** SOURCE DATA follows **

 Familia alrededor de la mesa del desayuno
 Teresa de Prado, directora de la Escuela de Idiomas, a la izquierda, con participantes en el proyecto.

** End of SOURCE DATA **
** SOURCE DATA follows **

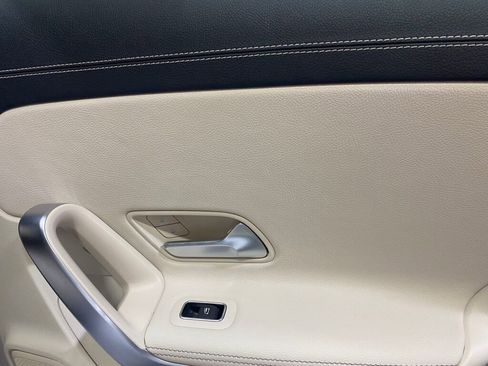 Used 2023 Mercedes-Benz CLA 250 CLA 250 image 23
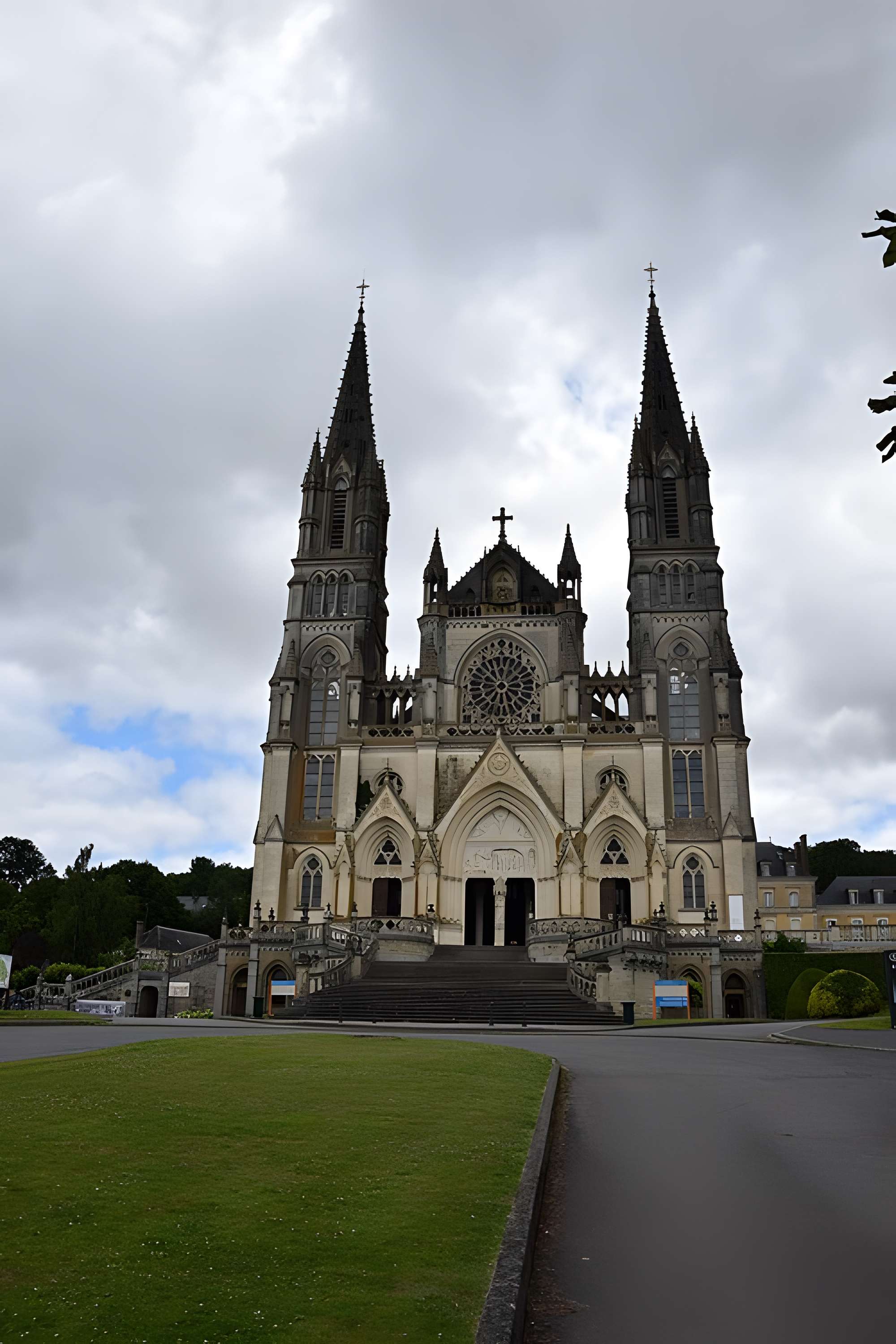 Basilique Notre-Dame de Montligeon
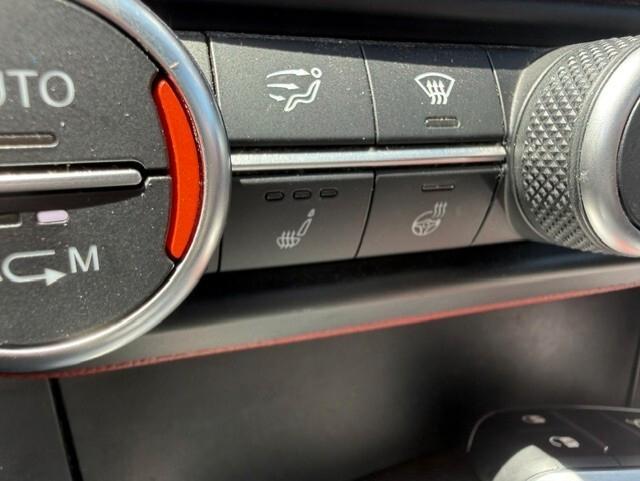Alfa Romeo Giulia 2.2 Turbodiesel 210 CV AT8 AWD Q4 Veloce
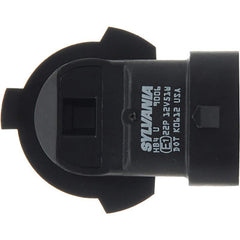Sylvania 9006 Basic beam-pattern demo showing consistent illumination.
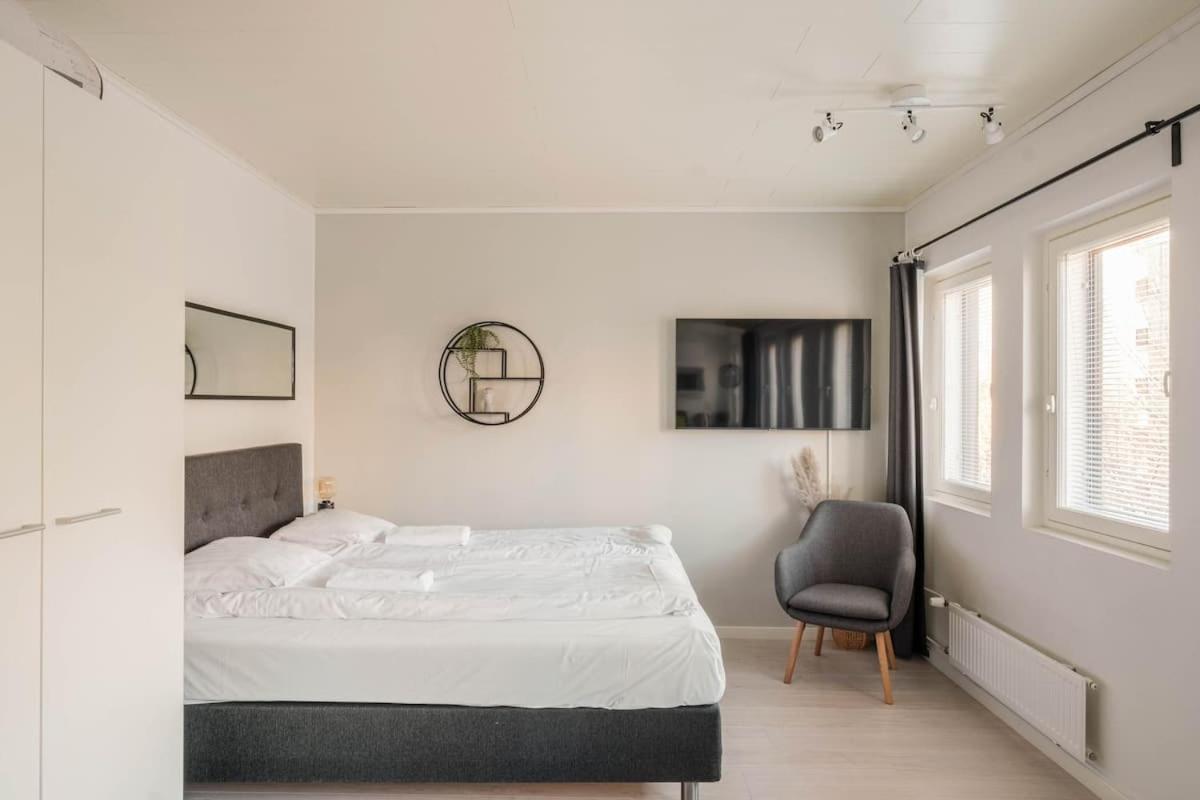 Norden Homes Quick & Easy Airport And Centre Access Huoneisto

** End of SOURCE DATA **
** SOURCE DATA follows **

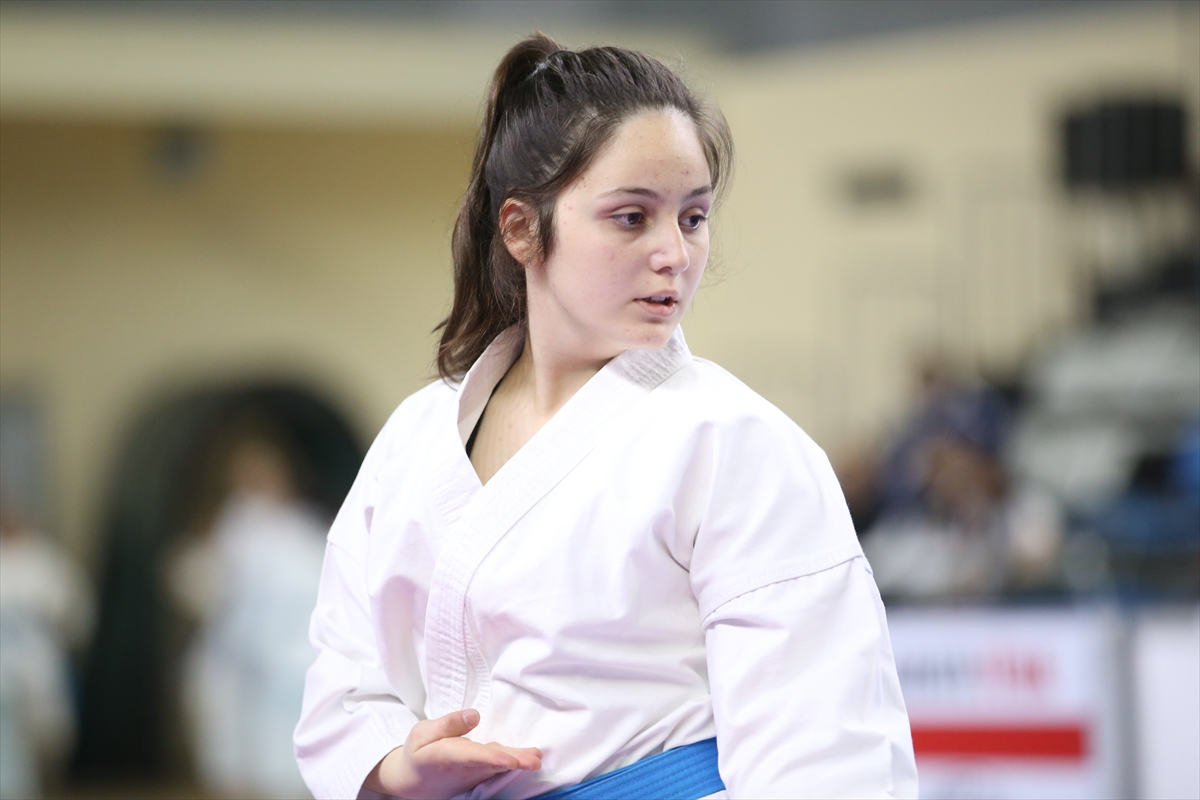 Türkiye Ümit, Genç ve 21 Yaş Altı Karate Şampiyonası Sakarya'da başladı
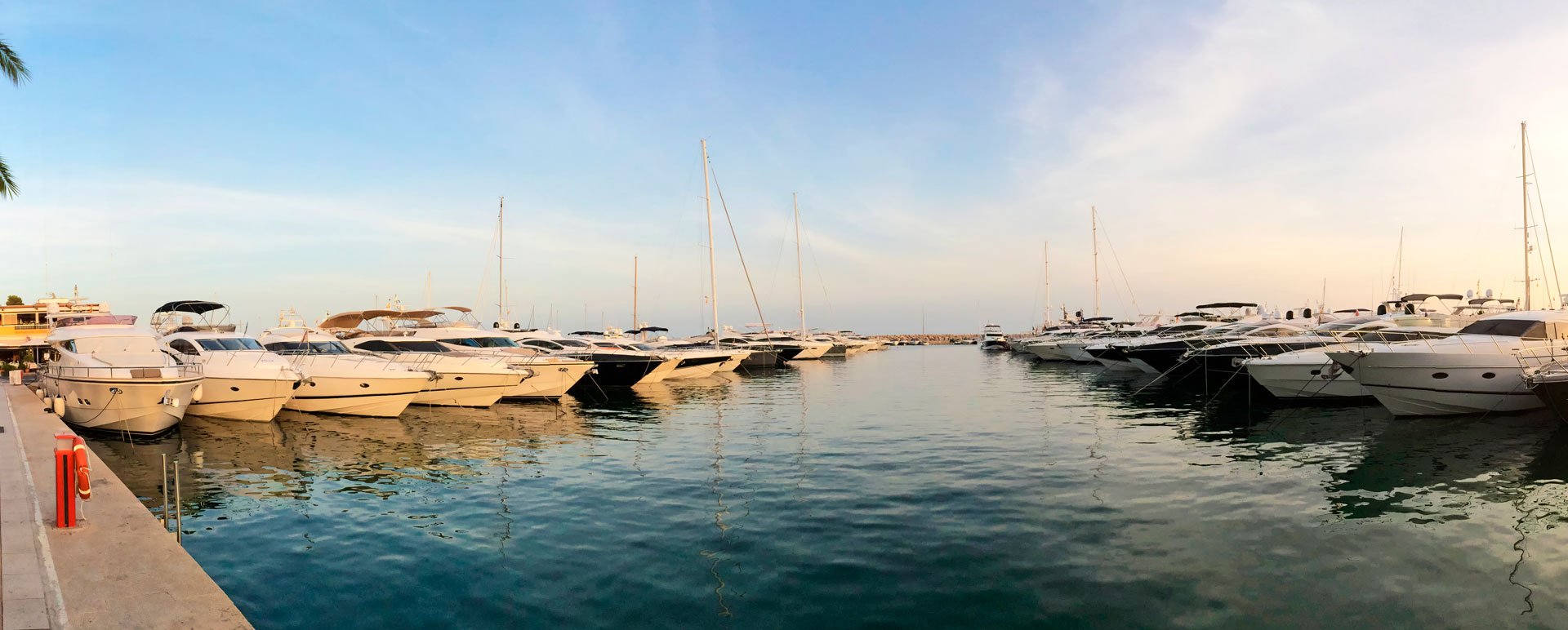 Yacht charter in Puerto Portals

** End of SOURCE DATA **

#### [THE PROBLEM]
Taking the line with "Familia alrededor de la mesa del desayuno" as the first and the line with "Teresa de Prado, directora" as the last, retype that stretch of the data above exactly, with no other lines.

#### [YOUR SOLUTION]
 Familia alrededor de la mesa del desayuno
 Teresa de Prado, directora de la Escuela de Idiomas, a la izquierda, con participantes en el proyecto.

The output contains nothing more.